Rebuke and criticisms
The court wondered why an application which had been dismissed by the court would be repackaged and presented again before the court.
“Where did you get the impression that you can repeat an application that has been dismissed,” Justice Baffoe-Bonnie asked Lawyer Adelawal, Hawkson reported.
For Justice Gbadegbe, the action by Lawyer Adelawal was an embarrassment and it was a disgrace to him as a lawyer.
Do you know there is something called perception? What perception are you leaving behind? Do not ruin your career because of one case,” Justice Gbagegbe asked.

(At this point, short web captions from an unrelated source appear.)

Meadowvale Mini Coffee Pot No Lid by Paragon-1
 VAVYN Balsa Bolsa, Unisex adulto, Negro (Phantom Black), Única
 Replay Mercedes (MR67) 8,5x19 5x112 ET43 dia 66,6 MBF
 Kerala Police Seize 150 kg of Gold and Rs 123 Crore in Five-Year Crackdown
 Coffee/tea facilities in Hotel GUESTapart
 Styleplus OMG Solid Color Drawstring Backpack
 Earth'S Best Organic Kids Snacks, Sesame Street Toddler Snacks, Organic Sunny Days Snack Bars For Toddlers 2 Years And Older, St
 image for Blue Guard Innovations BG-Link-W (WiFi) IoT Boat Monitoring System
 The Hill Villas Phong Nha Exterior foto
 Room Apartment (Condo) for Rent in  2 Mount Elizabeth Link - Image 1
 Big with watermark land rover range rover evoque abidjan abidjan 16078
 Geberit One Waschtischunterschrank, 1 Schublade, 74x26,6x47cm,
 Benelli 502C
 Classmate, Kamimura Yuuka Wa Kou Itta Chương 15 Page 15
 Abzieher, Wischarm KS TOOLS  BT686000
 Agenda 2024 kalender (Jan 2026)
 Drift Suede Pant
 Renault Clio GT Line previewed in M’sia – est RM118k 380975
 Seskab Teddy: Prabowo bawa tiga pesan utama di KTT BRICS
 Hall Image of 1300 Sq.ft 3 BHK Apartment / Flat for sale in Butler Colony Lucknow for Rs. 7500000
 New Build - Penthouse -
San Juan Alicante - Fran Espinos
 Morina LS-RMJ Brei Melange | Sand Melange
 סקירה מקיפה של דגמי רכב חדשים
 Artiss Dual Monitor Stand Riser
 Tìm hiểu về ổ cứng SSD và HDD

Justice Dotse reminded Lawyer Adelawal that as far as the courts in Ghana were concerned, his client Woyome had exhausted all legal avenues available to him in relation to the debt that he (Woyome) owed the state.
He, therefore, advised the lawyer to advise his client properly and stop embarrassing himself in court.
“As for clients they will come, but as a professional person, advise your client that what you want to do is not covered by the rules of the court. That will give you respect instead of you embarrassing yourself,” Justice Dotse said.
The rebuke from the court was so heavy to the extent that the Justices even threatened to report Lawyer Adelawal to the Disciplinary Committee of the General Legal Council (GLC) for action, Graphic Online’s Ebo Hawkson reported.
They, however, gave him the option of facing the disciplinary committee of the GLC or paying a cost of GH¢5,000.
“Application is dismissed as unmeritorious, cost of GH¢5,000 is awarded against the applicant. Cost to be paid by the lawyer himself. Cost should be paid within two weeks,“ the Chief Justice ordered.
The Supreme Court, on July 29, 2014, ordered Mr Woyome to refund GH¢51.2 million to the state on grounds that he got the money out of unconstitutional and invalid contracts between the state and Waterville Holdings Limited in 2006 for the construction of stadia for CAN 2008.
It was the view of the court that the contracts upon which Mr Woyome made and received the claim were in contravention of Article 181 (5) of the 1992 Constitution of Ghana, which required such contracts to be laid before and approved by Parliament.
The case leading to the Supreme Court decision was initiated by Mr Martin Amidu, the current Special Prosecutor, in his capacity as a citizen of Ghana.
On March 1, 2016, Mr Woyome prayed the court to give him three years to pay back the money but the court declined to grant his wish.
He, however, refunded GH¢4 million in November 2016 and an additional GH¢600,000 and promised to pay the outstanding balance by quarterly instalments of GH¢5 million, commencing April 1, 2017.
That did not materialise, after the businessman initiated a litany of legal cases at the Supreme Court challenging the decision for him to pay the money or efforts to execute the judgment, which were all dismissed.
Apart from fighting his cases in the country, Mr Woyome also sought relief from the International Court of Arbitration of the International Chamber of Commerce (ICC) based in Paris, France, and the African Court of Justice, based in Arusha, Tanzania.
In August 2017, the ICC threw out his case on the basis that he had failed to properly invoke its jurisdiction.
His case at the African Court of Justice was also dismissed in June last year.
Sale of properties
The state, in its attempt to take over the businessman’s properties, faced certain obstacles, which included a claim by the defunct UT Bank that some of the properties belonged to the bank.
On June 27, 2019, the Supreme Court ruled that the properties were, indeed, for Woyome and ordered their sale to defray the debt he owed the state.
The assets to be sold include two mansions at Trassaco Estate, a house at Kpehe, an office complex of Anator Holdings, a residential building at Abelemkpe and a stone quarry, including its plants and equipment.
The court, with Justice Benin as the sole judge, had held that the properties belonged to Mr Woyome and that the claim by UT Bank that the businessman had sold the two houses at Trassaco Estate to it was a sham.